Data records below:

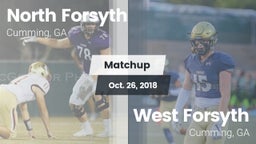 Matchup: North Forsyth vs. West Forsyth  2018
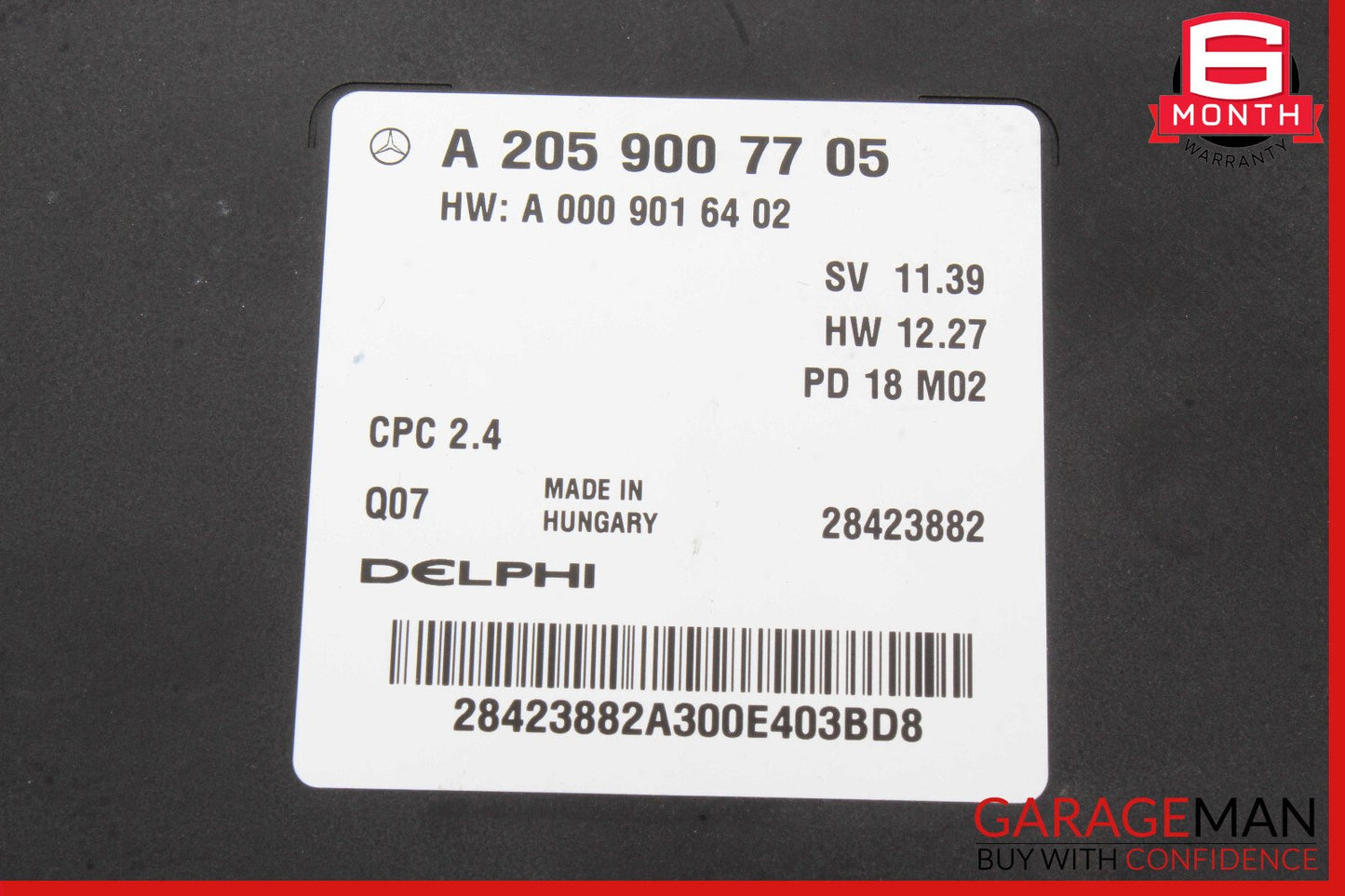 15-19 Mercedes W205 C300 GLC300 TCU TCM Transmission Control Module Unit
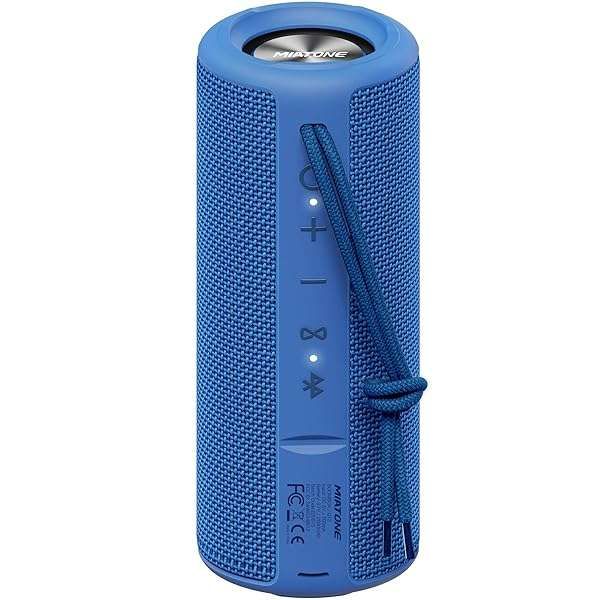 MIATONE Waterproof Bluetooth Boombox: Portable Outdoor Speaker in Blue - Perfect for Adventures!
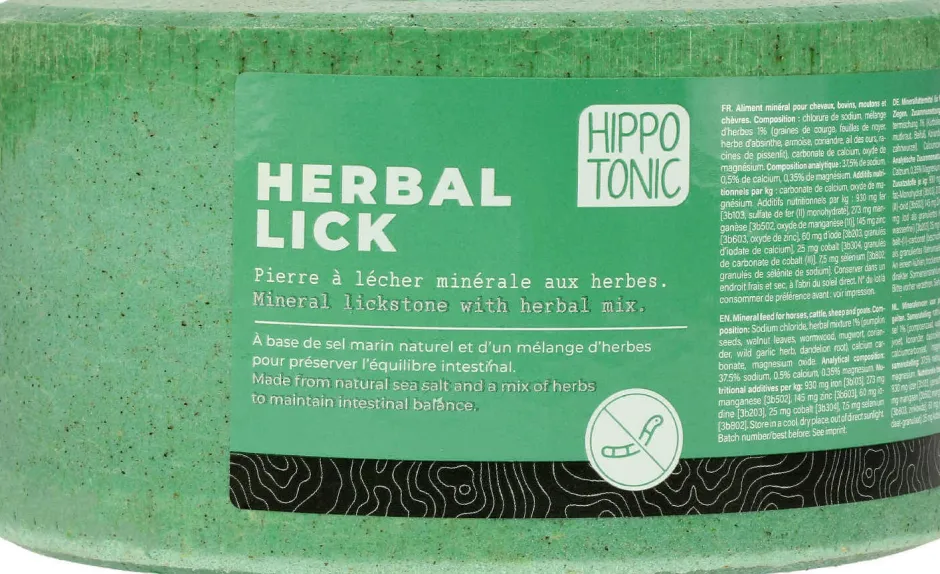 HIPPOTONIC Salzleckstein - Herbalick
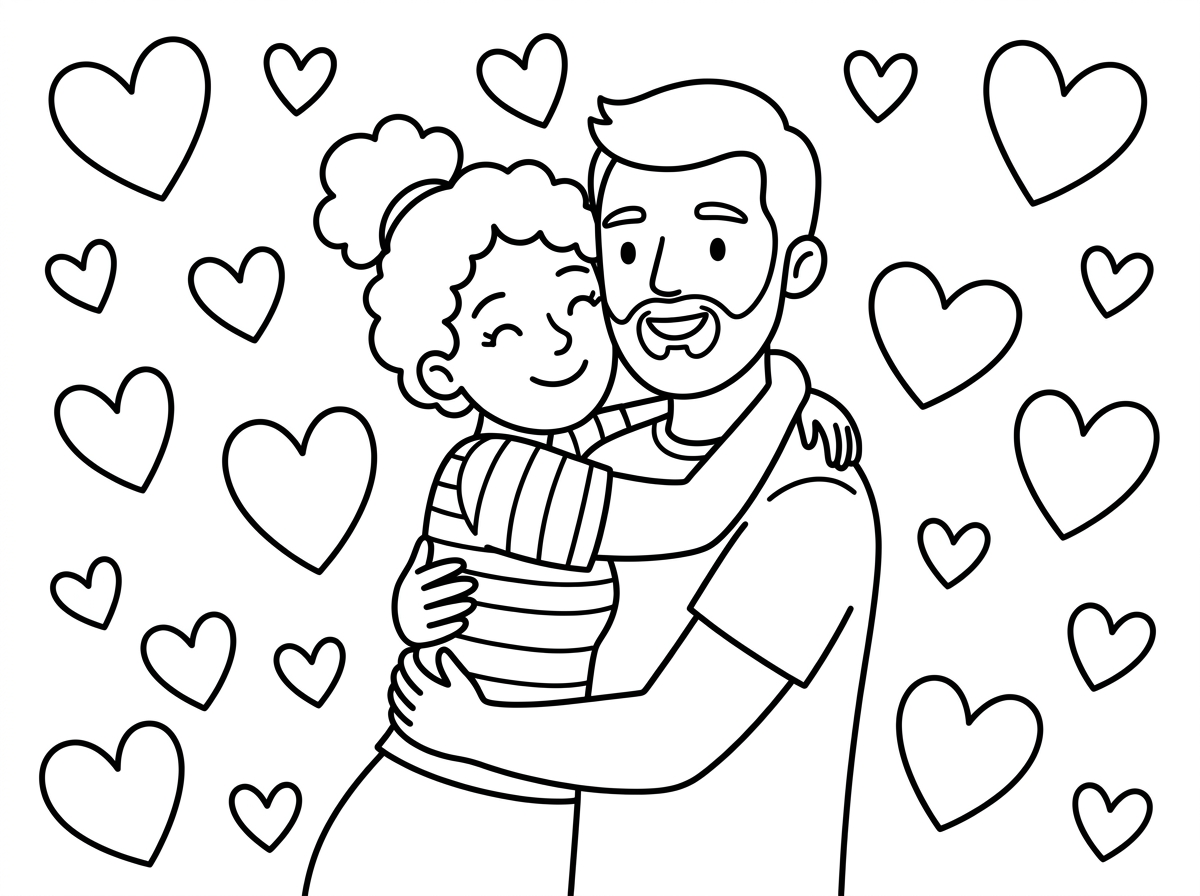 חיבוק עם לבבות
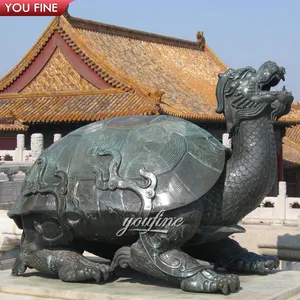 חיצוני גן גדול מתכת המיתי חית Xuanwu יצוק הדרקון צב חיות פסל ברונזה צב פיסול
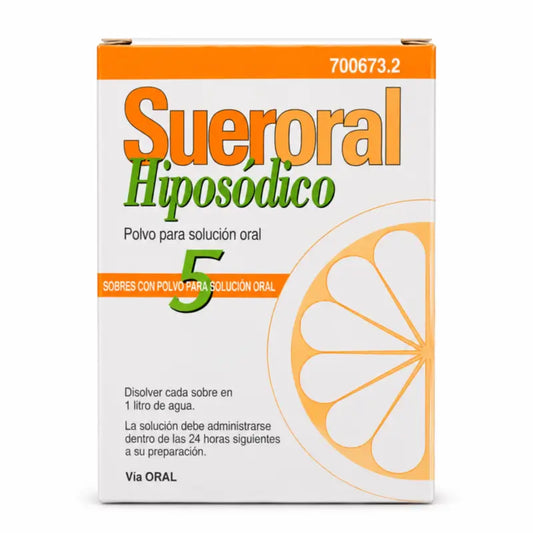 Sueroral Hyposodium Sueroral Poudre pour solution orale 5 Sachets
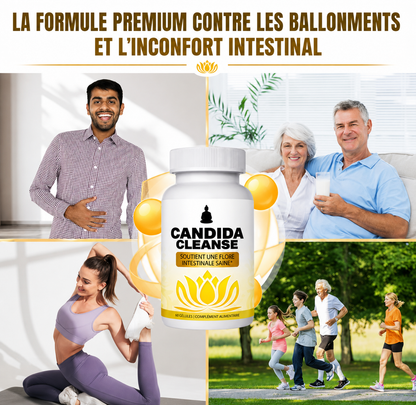Candida Cleanse – Réduit les ballonnements et améliore la digestion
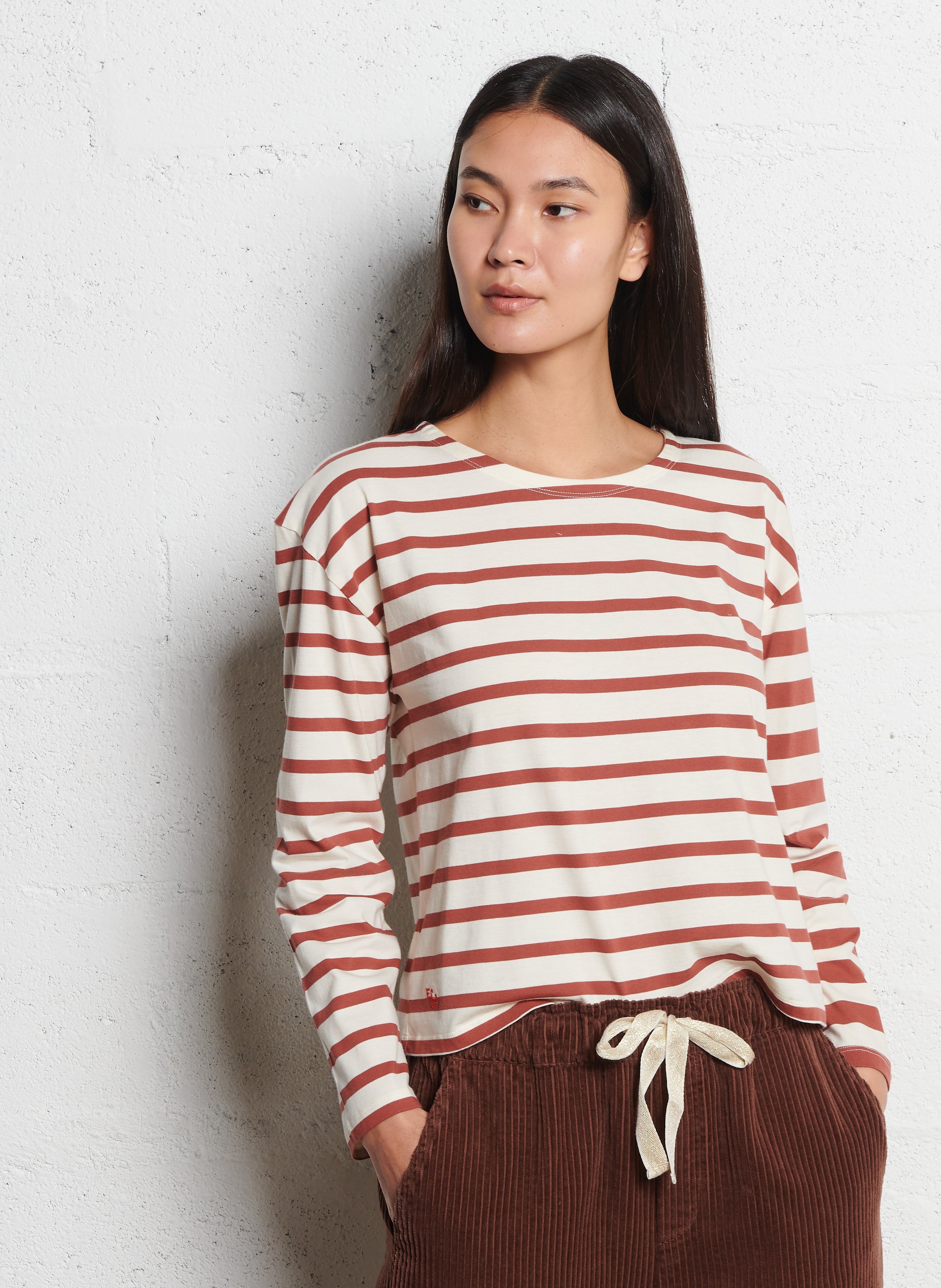 Bio-Baumwoll-Rundhals-Shirt EMILE ET IDA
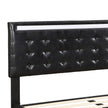Levede  Floating Bed Frame Queen with Headboard LED Lights Mattress Base-2018816893917466628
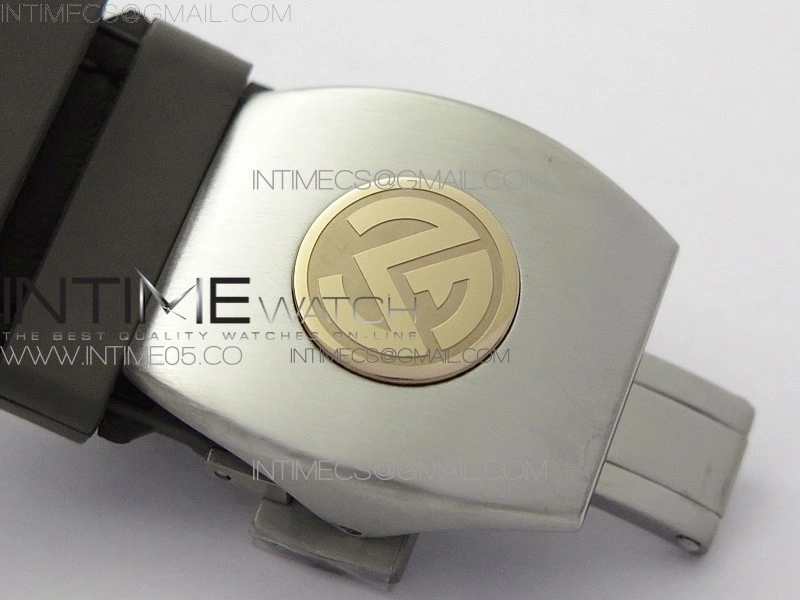 Vanguard V45 Chrono Brushed SS RG ABF Best Edition Gray Dial on Gray Gummy Strap A7750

End of Data records.

- _About this task_: Beginning with the line that contains "Sueroral Hyposodium Sueroral" and ending with the last line of the data, restate each line word for word. Exclude the pictures.

- _Answer for this exercise_:
 Sueroral Hyposodium Sueroral Poudre pour solution orale 5 Sachets
Candida Cleanse – Réduit les ballonnements et améliore la digestion
 Bio-Baumwoll-Rundhals-Shirt EMILE ET IDA
Levede  Floating Bed Frame Queen with Headboard LED Lights Mattress Base-2018816893917466628
 Vanguard V45 Chrono Brushed SS RG ABF Best Edition Gray Dial on Gray Gummy Strap A7750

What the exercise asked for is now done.